» **DATASET EXTRACT**
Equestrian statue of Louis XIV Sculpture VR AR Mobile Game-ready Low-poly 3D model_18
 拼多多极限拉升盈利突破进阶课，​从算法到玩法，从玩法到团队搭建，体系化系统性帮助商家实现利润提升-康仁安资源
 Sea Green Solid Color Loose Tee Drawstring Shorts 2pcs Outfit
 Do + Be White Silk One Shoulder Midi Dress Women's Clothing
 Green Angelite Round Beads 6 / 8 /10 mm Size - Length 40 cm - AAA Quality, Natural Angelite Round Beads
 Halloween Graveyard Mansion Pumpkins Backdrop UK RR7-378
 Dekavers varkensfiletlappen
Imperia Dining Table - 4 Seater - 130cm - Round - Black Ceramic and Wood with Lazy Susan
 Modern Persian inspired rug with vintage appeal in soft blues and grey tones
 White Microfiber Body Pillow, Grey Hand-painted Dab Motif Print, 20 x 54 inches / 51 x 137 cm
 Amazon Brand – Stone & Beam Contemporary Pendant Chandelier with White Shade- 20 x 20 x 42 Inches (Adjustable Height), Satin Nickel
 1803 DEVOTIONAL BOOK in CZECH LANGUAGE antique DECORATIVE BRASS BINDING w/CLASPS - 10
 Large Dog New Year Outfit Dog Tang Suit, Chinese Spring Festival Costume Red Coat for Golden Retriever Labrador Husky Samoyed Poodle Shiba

» **REQUIRED WORK**
Only a word-for-word repetition of the lines from the one containing "Amazon Brand –" to the final line of the data above counts as the answer.

» **TASK ANSWER**
 Amazon Brand – Stone & Beam Contemporary Pendant Chandelier with White Shade- 20 x 20 x 42 Inches (Adjustable Height), Satin Nickel
 1803 DEVOTIONAL BOOK in CZECH LANGUAGE antique DECORATIVE BRASS BINDING w/CLASPS - 10
 Large Dog New Year Outfit Dog Tang Suit, Chinese Spring Festival Costume Red Coat for Golden Retriever Labrador Husky Samoyed Poodle Shiba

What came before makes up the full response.